Hello Lovelies! How are you today? Thought I'd share a picture of me from a friend's wedding that makes me laugh far too much!
Sexy, no? If that doesn't make you chuckle... I honestly don't know what will.
Today I'm going to continue the Embracing a Healthier Lifestyle series that I started a little while back. If you don't know what I'm talking about, this is the series so far:
EAHL Part One: Catching the Running Bug
EAHL Part Two: Thinking Big, Dreaming Big
Today I want to talk about something that I'm really guilty of doing all the time. It's not a healthy habit, and it's one that I'm trying my hardest to lay to one side in order to live a healthy, happy life.
I'm a chronic comparer.
I compare myself to everyone I meet, see or interact with. I don't even have to think about it, I just do it. Most of the time, I conclude that they are prettier/thinner/cleverer/wiser/cooler/better than me. I convince myself that I'm an utter idiot and that I've got on their nerves before they've even had a chance to know me. I manage to convince myself that if I were that person, my life would be a lot more awesome and a heck of a lot easier.
You know what though? It has got to stop.
You see, being a chronic comparer does you no good if your aim is to have a happy, healthy life. In fact, if I'm going to live my life constantly striving to be someone else, I might as well stop now because its never going to happen. I am who I am and that is that. Yes, I can make some changes here and there - a more defined upper body by working that area out a little more, a slightly faster pace by introducing a little speed work but at the end of the day, I am me and that's ok :) In fact it's more than ok - it's awesome!
The other truly awful thing about being a chronic comparer is that it shows zero respect or love to the person you're comparing yourself to. It makes you jealous of them, anxious about talking to them - heck it can even make you forget that this superhuman you're comparing yourself to isn't actually a superhuman at all, just a normal human being with their own share of trouble and strife. Instead of loving, supporting and encouraging them, chronic comparers end up being pretty mean about the people we call our friends. Even if it's only in your own head, that grumpy jealousy isn't nice!
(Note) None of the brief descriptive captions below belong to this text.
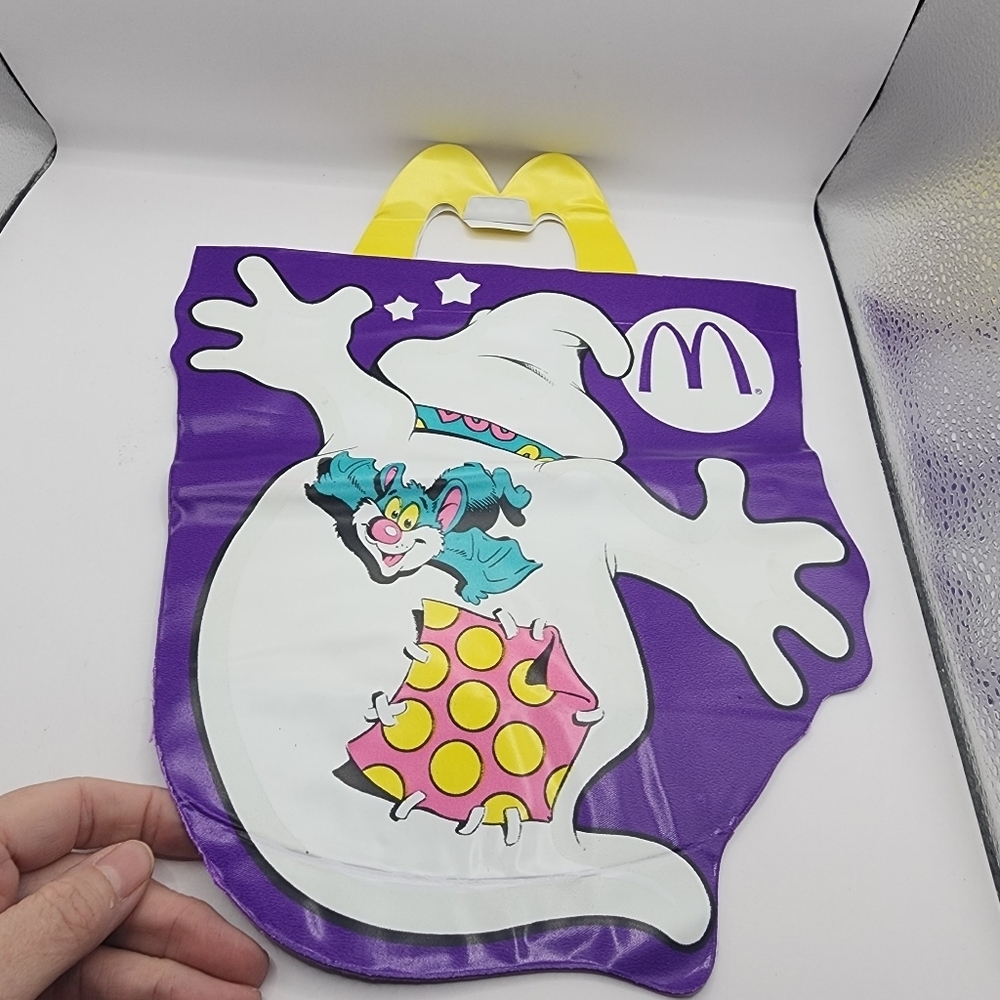 1990 McDonald's Halloween Trick or Treat Bag Ghost Purple Happy Meal Vintage - Picture 4 of 4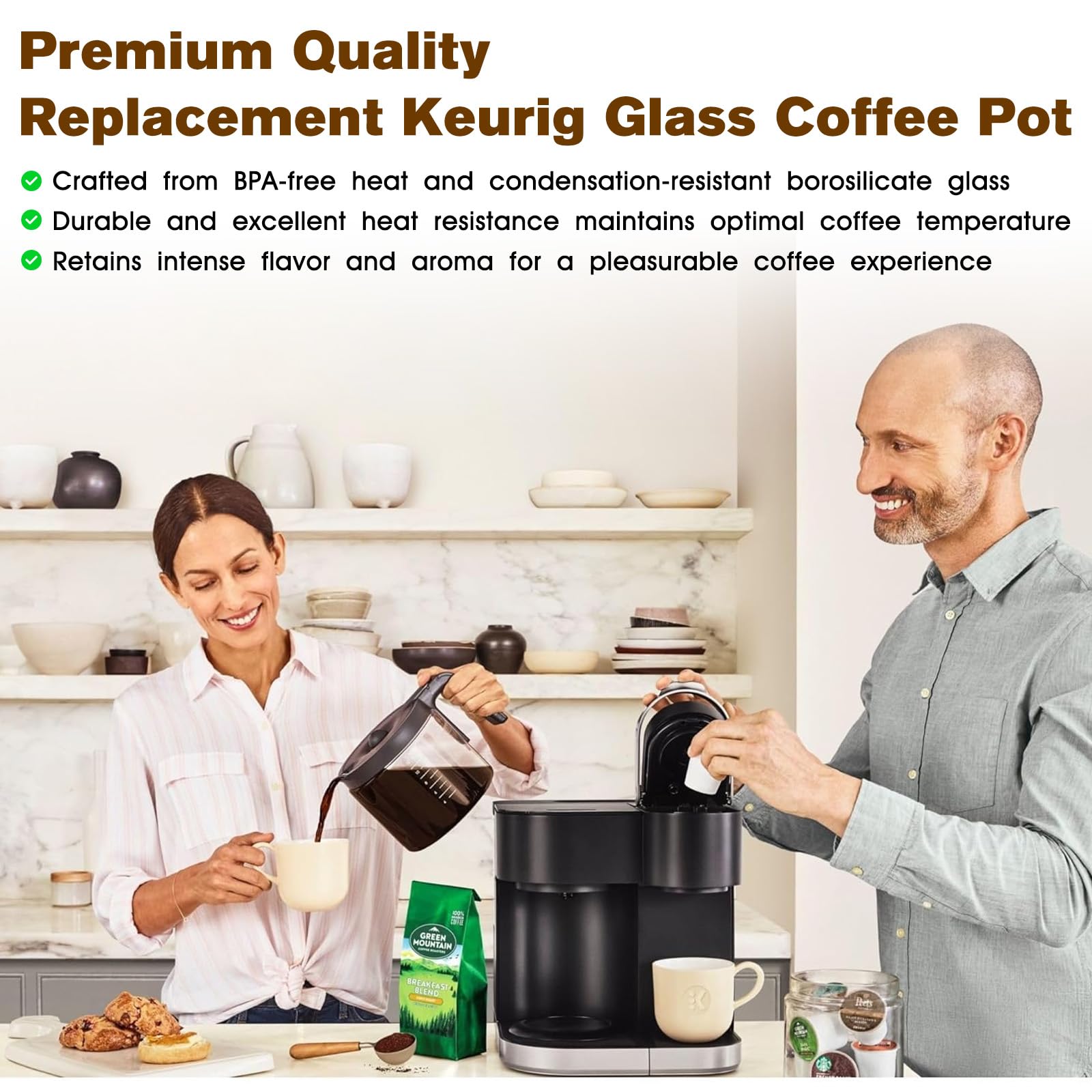 Vilapow capacidad 12 tazas para mañanas o reuniones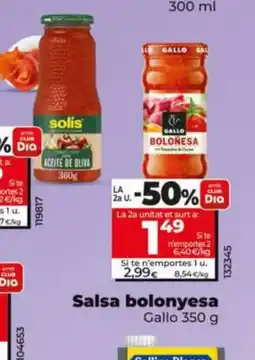 Dia GALLO Salsa bolonyesa oferta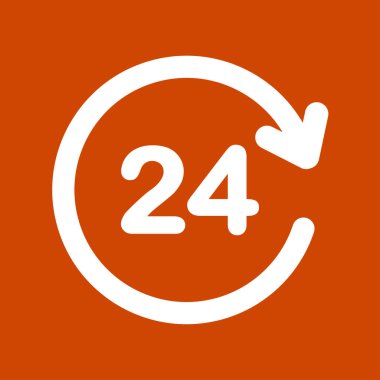 Saat saat etrafında bir gün simgesini açın..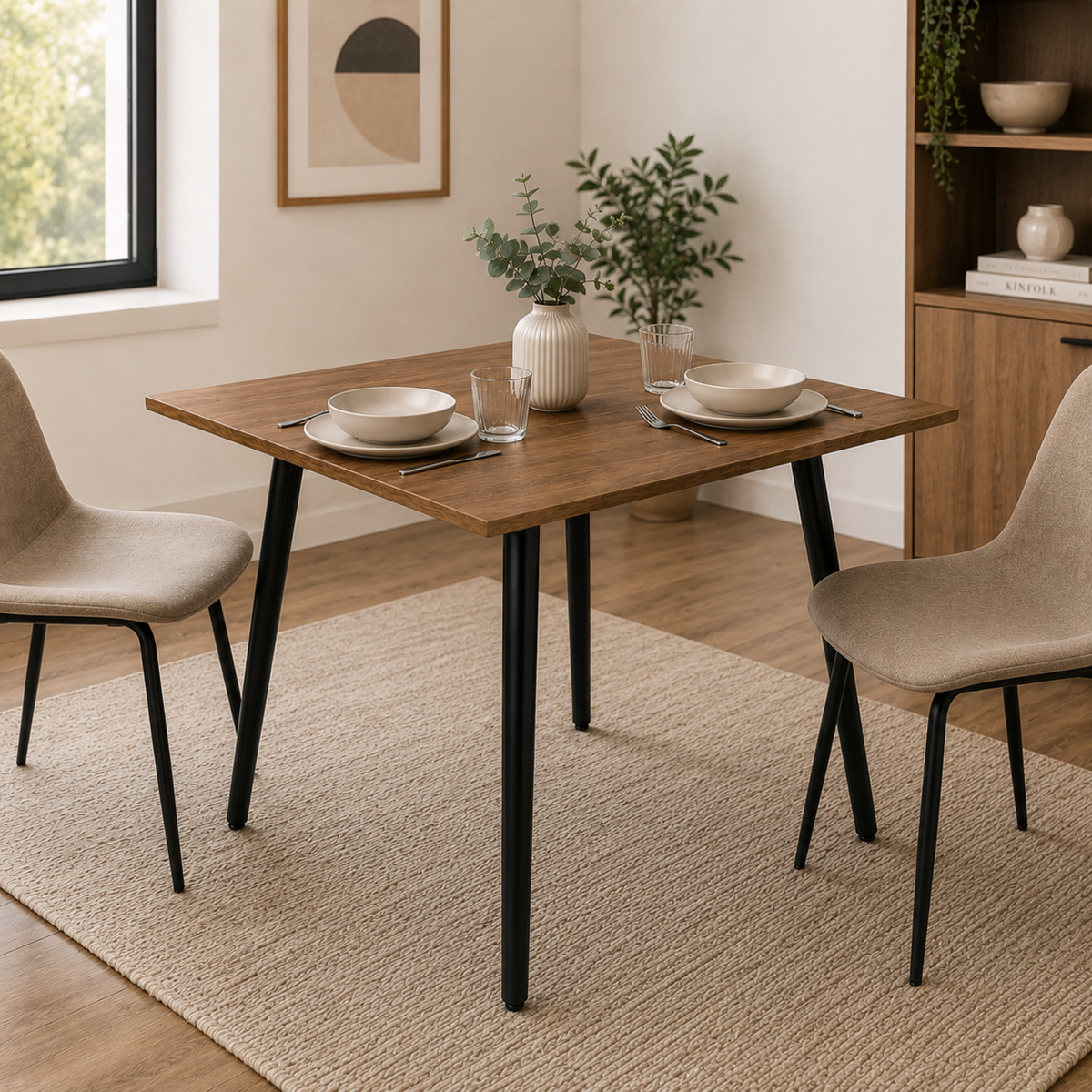 Mesa De Comedor Cuadrado Look 75x80x80cm Amaretto
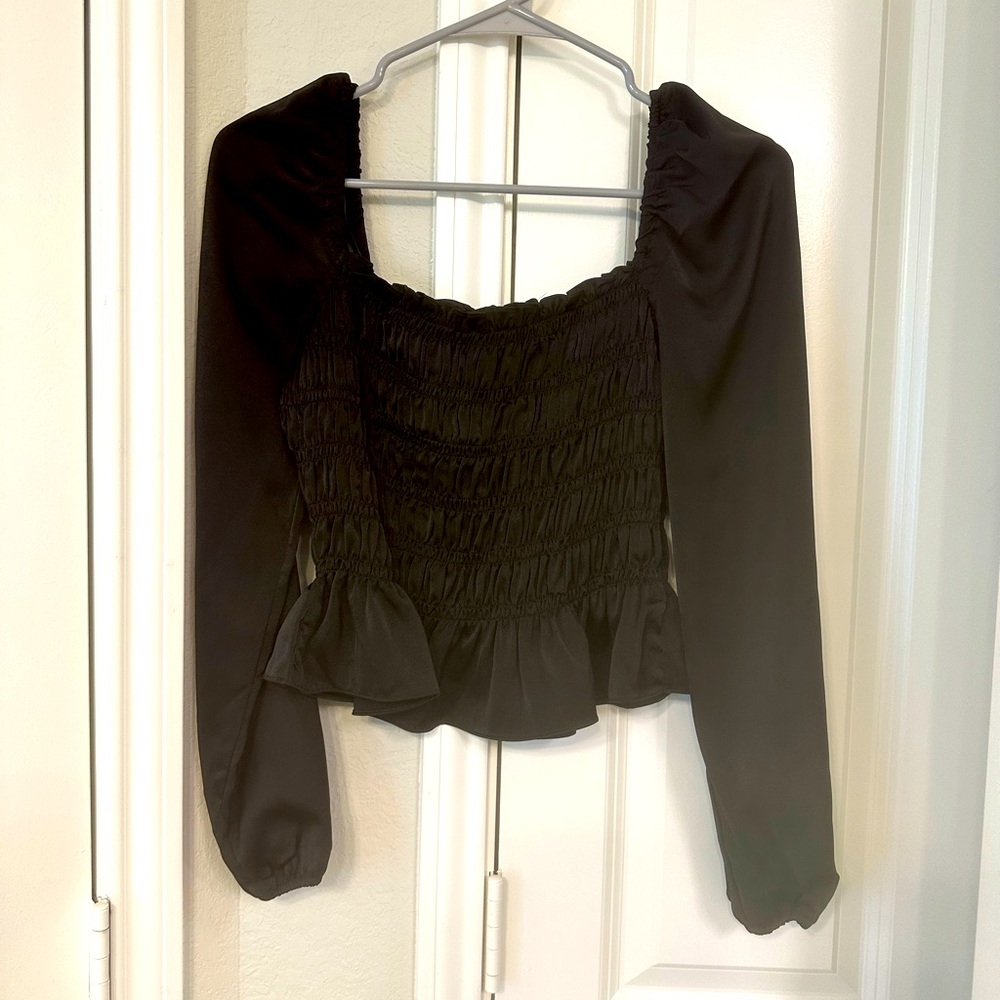 Silky black shirt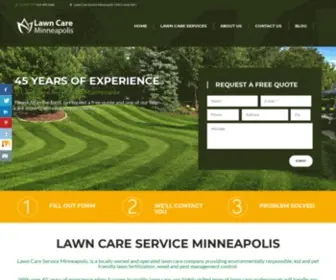 Lawncareminneapolis.com(Weedman Lawn Care Minneapolis) Screenshot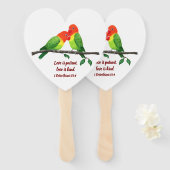 ラブバード感動的ハンドヘルドファン ハンドファン (正面&裏面)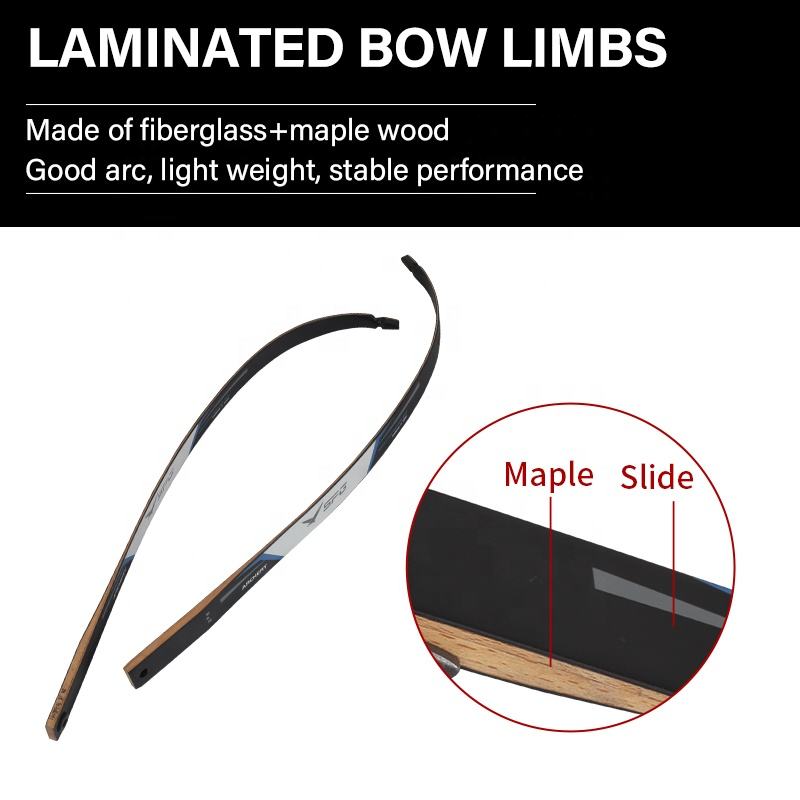 Light Gray SPG F2 Right-Handed Takedown Recurve Bow – 68 Inch Metal Riser with Maple Limbs & Full Archery Set SPG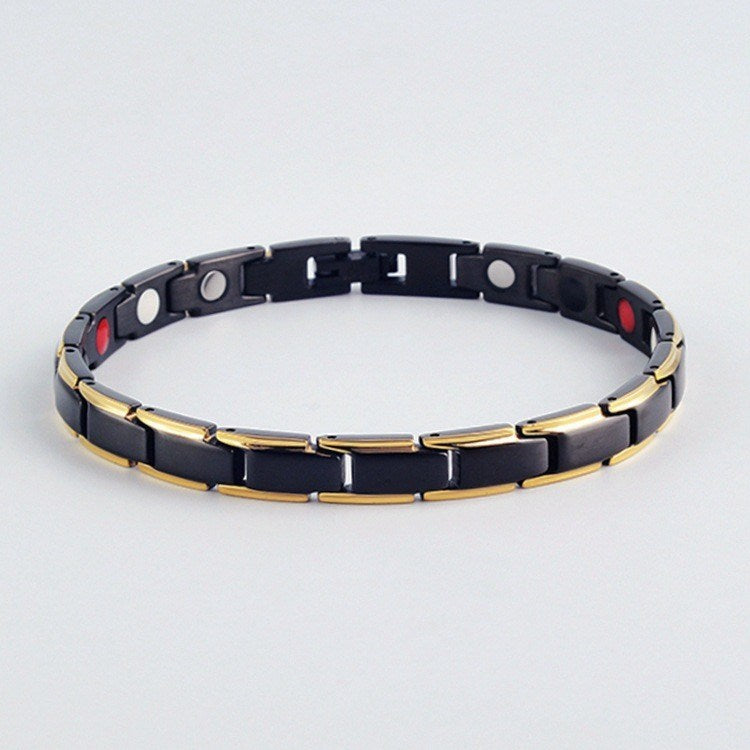 Fashion trend men's and women's magnet bracelet gold magnetite magnetic Doba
So what am I going to do? I'm going to lay my chronic comparison to bed and I've got a couple of tools to help me do it:
1. When I see something I admire about another person, I will complement them on it
2. If I find myself starting to compare myself or worry about not being that person, I'll remind myself that I am who I am and that's just plain awesome (I might even have to resort to carrying around a picture of myself in that moustache...)
3. If the thing I'm comparing is a reasonable goal, I will try to introduce it into my lifestyle. So for example: I notice that a friend eats waaay more fruit and veg than I do. Instead of getting jealous and beating myself up, I'll head to the shops, buy some fruit and veg and eat it! Makes sense doesn't it?!
Ta-daaaa, easy as one-two-three!
Are you a chronic comparer (or a recovered chronic comparer)?
What steps can you introduce to stop yourself falling into the trap?